Lazismu menghimpun dana bantuan Rp6 miliar dan melayani ribuan penyintas gempa bumi di NTT melalui RS Lapangan dan Posko Kemanusiaan.

bogortraffic.com, JAKARTA – Pasca gempa bumi yang mengguncang Nusa Tenggara Timur (NTT), Muhammadiyah melalui Lembaga Resiliensi Bencana (MDMC) dan Lazismu terus memobilisasi bantuan kemanusiaan di wilayah terdampak.

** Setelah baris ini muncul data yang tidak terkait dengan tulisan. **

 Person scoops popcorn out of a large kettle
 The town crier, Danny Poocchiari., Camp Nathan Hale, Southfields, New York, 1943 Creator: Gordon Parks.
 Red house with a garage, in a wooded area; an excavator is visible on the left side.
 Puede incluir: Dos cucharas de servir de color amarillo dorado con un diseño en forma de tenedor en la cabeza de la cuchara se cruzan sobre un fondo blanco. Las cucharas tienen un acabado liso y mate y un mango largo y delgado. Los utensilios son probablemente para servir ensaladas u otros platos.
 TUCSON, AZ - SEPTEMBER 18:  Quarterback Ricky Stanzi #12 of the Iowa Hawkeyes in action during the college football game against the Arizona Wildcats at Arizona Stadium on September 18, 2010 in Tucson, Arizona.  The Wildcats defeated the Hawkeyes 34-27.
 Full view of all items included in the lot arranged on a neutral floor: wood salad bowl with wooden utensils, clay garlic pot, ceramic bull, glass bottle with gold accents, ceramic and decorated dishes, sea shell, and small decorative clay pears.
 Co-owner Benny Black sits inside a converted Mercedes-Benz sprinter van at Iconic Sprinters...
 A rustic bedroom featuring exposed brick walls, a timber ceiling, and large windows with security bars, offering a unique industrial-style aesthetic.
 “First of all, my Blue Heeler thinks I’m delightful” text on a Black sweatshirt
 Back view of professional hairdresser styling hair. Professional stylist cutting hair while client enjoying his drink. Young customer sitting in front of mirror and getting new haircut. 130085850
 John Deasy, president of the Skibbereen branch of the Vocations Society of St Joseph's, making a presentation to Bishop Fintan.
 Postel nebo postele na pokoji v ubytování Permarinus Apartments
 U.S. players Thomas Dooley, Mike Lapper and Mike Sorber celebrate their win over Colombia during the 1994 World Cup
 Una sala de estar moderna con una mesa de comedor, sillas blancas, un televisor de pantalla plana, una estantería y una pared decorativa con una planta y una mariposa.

Hingga Kamis (3/9/2026), Lazismu mencatat penghimpunan dana infak dan donasi publik mencapai Rp6.099.163.820.

Bacaan Lainnya

Direktur Utama Lazismu, Barry Adhitya, menjelaskan bahwa dana sebesar Rp3,45 miliar telah disalurkan secara bertahap untuk menyokong berbagai klaster penanganan bencana di lapangan.

“Kami apresiasi setinggi-tingginya kepada seluruh relawan Muhammadiyah di lapangan atas kerja-kerja kemanusiaan dan tentu terima kasih kepada donatur dan jamaah salat Jumat atas kepercayaannya sehingga aksi layanan kemanusiaan Muhammadiyah kepada penyintas bencana di NTT dapat terus dilanjutkan,” ujar Barry, Jumat (4/9/2026).

Dalam respons medis, Muhammadiyah menurunkan tim Emergency Medical Team (EMT) Type-1 Fixed yang berstandar WHO serta memfungsikan RS Lapangan di Puskesmas Dampek, Manggarai Timur. Tim kesehatan ini beroperasi melayani pengungsi bersama Kemenkes RI sejak 17 Agustus 2026.

Hingga saat ini, layanan medis telah menjangkau ribuan pasien dengan beragam keluhan kesehatan, di mana kasus terbanyak didominasi oleh infeksi saluran pernapasan, nyeri otot, serta hipertensi.

Selain penanganan medis, Muhammadiyah telah mendirikan Posko Koordinasi Wilayah di Ende beserta 7 Posko Daerah dan 10 Pos Pelayanan di kawasan terdampak. Bantuan logistik berupa paket makanan kaleng Rendangmu, family kit, school kit, hingga pendirian fasilitas air bersih dan dapur umum turut disalurkan.

Lazismu memastikan komitmen bantuan ini akan terus berlanjut hingga masa pemulihan fisik serta sosial masyarakat.

“Penyaluran dana donasi dan Infak Salat Jumat masih akan terus dilaksanakan untuk melanjutkan respon dan tahapan rehabilitas-rekonstruksi serta membangun ketangguhan masyarakat,” tegas Barry.